L'horreur. Je me demande quand est-ce que cette gamine trouve le temps de dormir avec ça. Les études ne me manquent pas. Je me demande aussi quand est-ce qu'elle trouve le temps de lire, et encore plus le temps d'aller traîner à la Fnac de Saint Lazare. Celle de la Défense est plus proche. Elle ajoute rapidement qu'elle en a profité pour saluer Dorothea qui l'a donc informée que j'étais de repos. Elles parlent de moi… J'espère seulement que ma collègue ne lui a pas donné plus de détails sur la façon dont je me reposais (en jouant aux jeux vidéo, en m'empiffrant, ou en me trainant de ma cuisine jusqu'à mon pieu comme un macchabé pas très frais).
On met l'office en rayon demain.
L'office, ce sont les nouveautés dans le jargon. Puis je rajoute :
Tu sais qu'il y a internet pour éviter tous ces longs déplacements ?
Longs, car elle vient jusqu'ici. Elle doit aimer y retrouver son amie. Je ne vois pas d'autres explications tangibles et je n'ai pas envie de m'en imaginer d'autres de surcroit.
Quand on passe ses journées devant un écran ou bien un livre, on aime beaucoup tous ces « longs déplacements ». J'avais besoin de prendre l'air.
Moi, j'aime passer mes journées devant un écran ou sur un livre. Mais peut-être que si je ne faisais que ça, j'aurais aussi besoin de prendre l'air. L'air frais de Saint Lazare. Non, ça ne me viendrait pas vraiment à l'idée… Pourtant c'est bien ici que je suis venue acheter mes clopes. Cette fille est agaçante : elle a raison sans même avoir à débattre.
J'ai hésité à passer à la Fnac après le tabac, je suis juste à côté.

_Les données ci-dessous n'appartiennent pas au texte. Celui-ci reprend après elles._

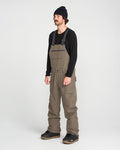 A man stands in a studio against a plain white background, facing slightly to the left, wearing a black beanie, long-sleeve black shirt, and Volcom Men’s Roan Bib with large pockets made from recycled stretch Oxford. He pairs the look with black shoes, showcasing both his style and the 15K protection of the Roan Bib.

Les habitudes ont la vie dure.
Mais je lui donne quand même raison, à ma manière.
Tu parles du travail ou de la cigarette ?

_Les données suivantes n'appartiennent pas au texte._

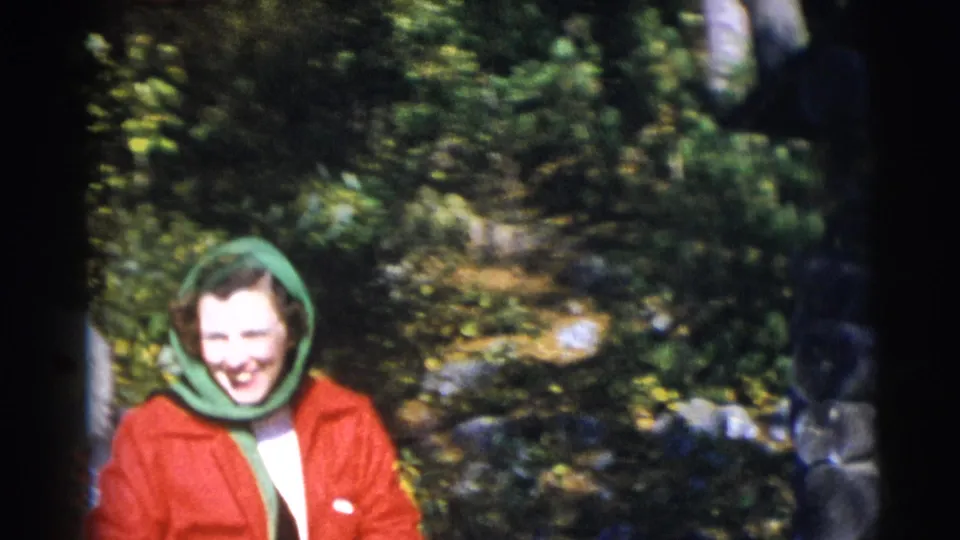 A woman in a red coat and green hood smiles toward the camera in 1953 Baraboo home-movie footage.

Ca ressemble à une question piège.
Ca doit faire au moins une dizaine de minutes que je suis scotchée à mon téléphone devant un passage piéton dont le feu ne cesse de passer du vert au rouge et puis du rouge au vert. Les véhicules doivent se demander ce que je fous là, au mieux : que je suis complètement perdue. Ils n'auraient pas tout à fait tort.
Je comptais prendre un café avant de repartir, que dirais-tu de te joindre à moi ?
Ca ressemble à une question piège.
J'hésite une seconde. Deux serait plus juste. Puis je réponds que c'est à une condition : je règle la note.